** Provided records follows **

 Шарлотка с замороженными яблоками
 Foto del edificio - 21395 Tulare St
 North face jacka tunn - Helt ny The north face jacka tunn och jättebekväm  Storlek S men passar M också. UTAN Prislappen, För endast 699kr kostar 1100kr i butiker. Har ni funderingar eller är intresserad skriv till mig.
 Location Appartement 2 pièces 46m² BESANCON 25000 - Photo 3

** End of Provided records **
** Provided records follows **

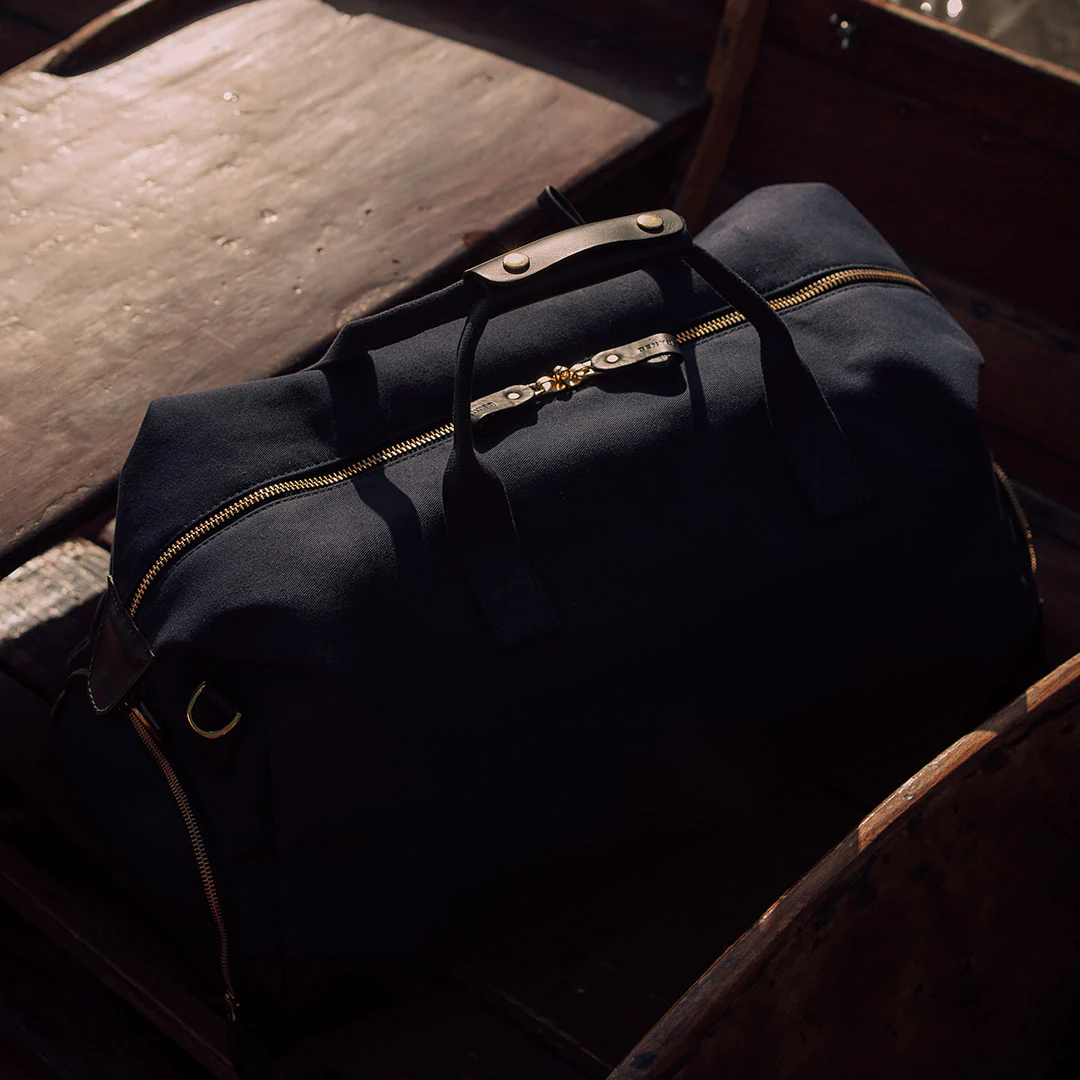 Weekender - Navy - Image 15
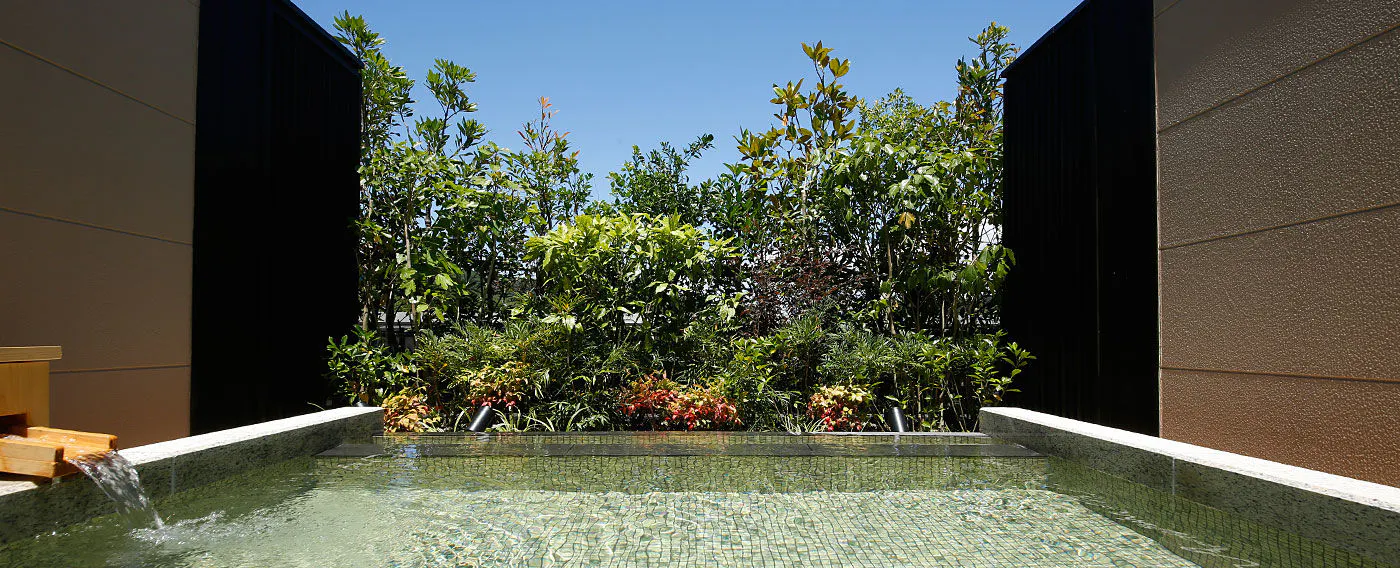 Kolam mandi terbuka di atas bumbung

** End of Provided records **
** Provided records follows **

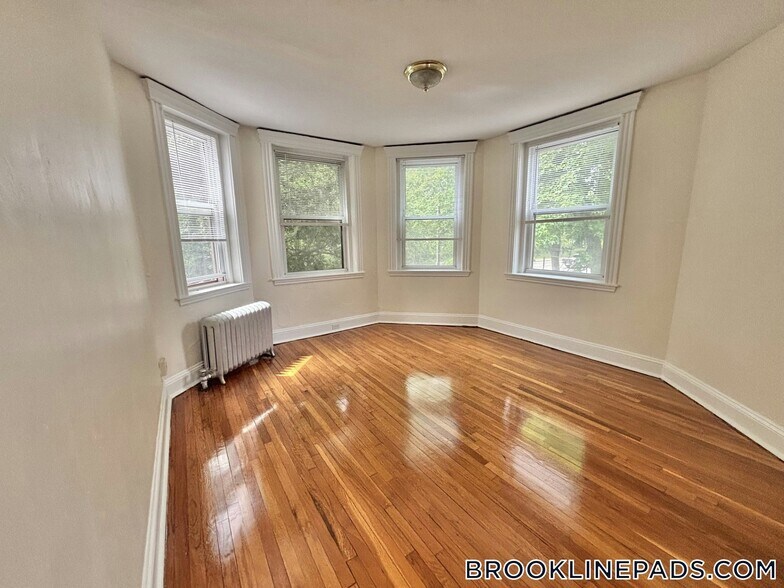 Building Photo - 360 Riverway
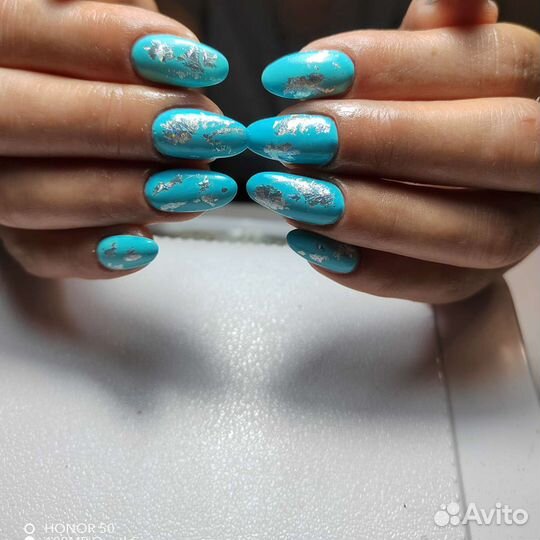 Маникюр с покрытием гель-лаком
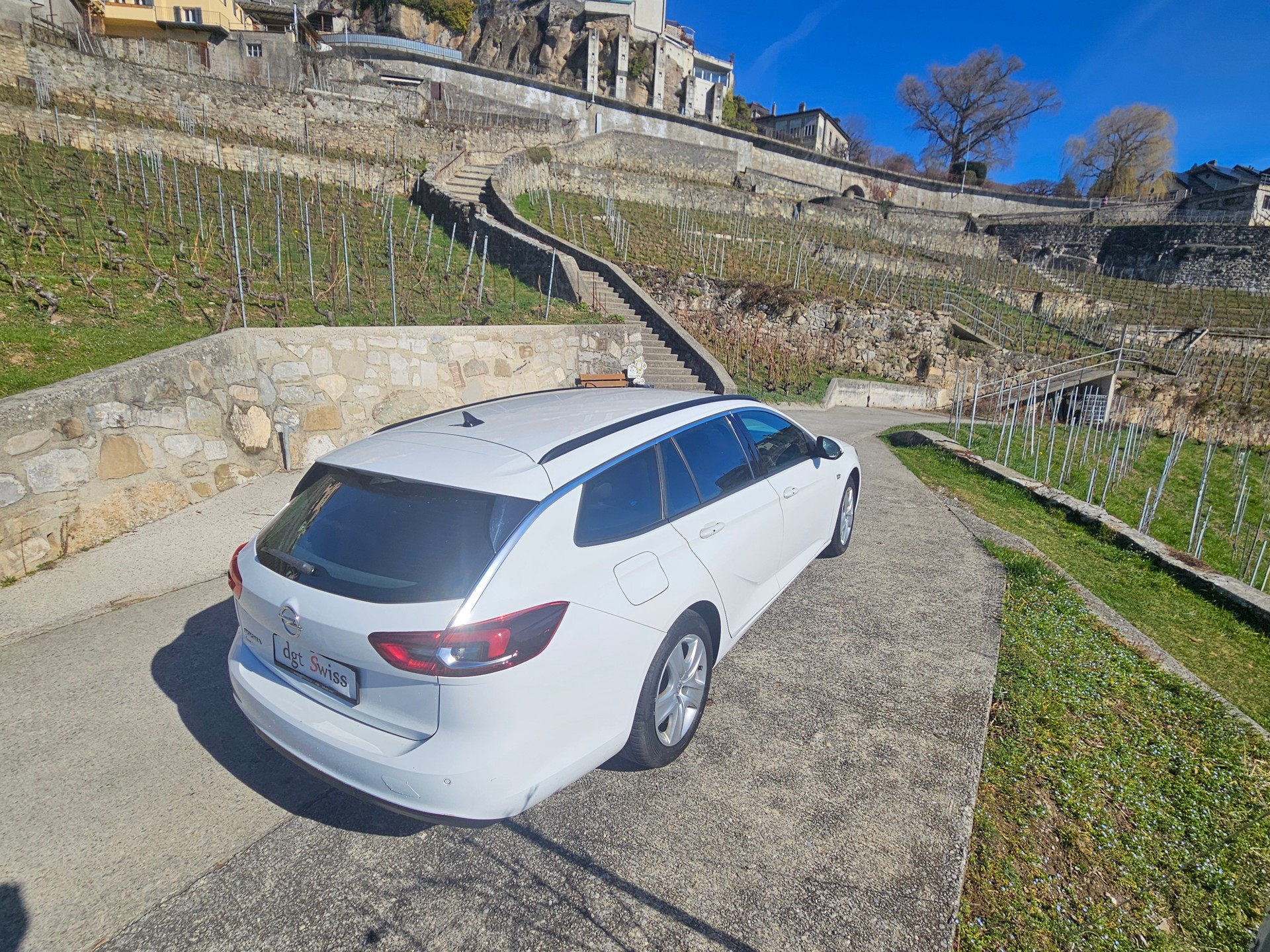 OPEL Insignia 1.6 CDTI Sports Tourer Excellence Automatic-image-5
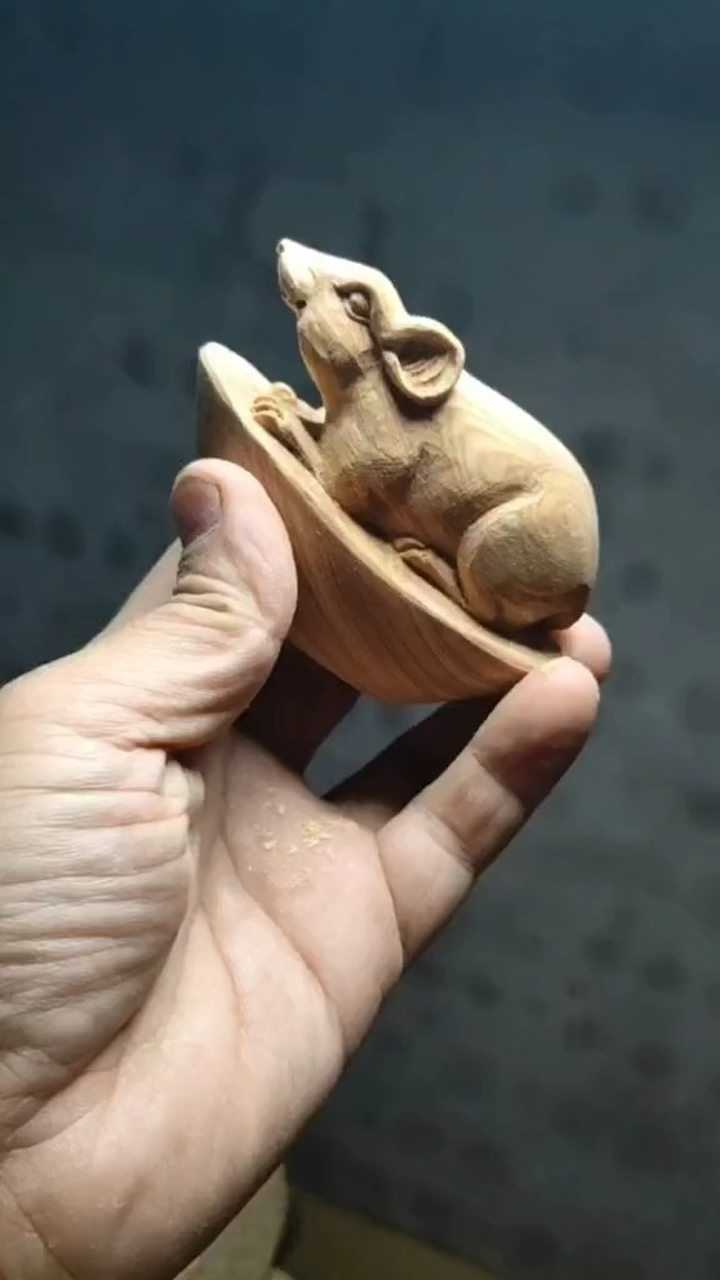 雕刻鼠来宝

** End of Provided records **

**Work to be completed**:
Which lines above run from the one containing "Шарлотка с замороженными яблоками" to the one containing "Location Appartement 2"? Give them again exactly, both ends included.

**Task output**:
 Шарлотка с замороженными яблоками
 Foto del edificio - 21395 Tulare St
 North face jacka tunn - Helt ny The north face jacka tunn och jättebekväm  Storlek S men passar M också. UTAN Prislappen, För endast 699kr kostar 1100kr i butiker. Har ni funderingar eller är intresserad skriv till mig.
 Location Appartement 2 pièces 46m² BESANCON 25000 - Photo 3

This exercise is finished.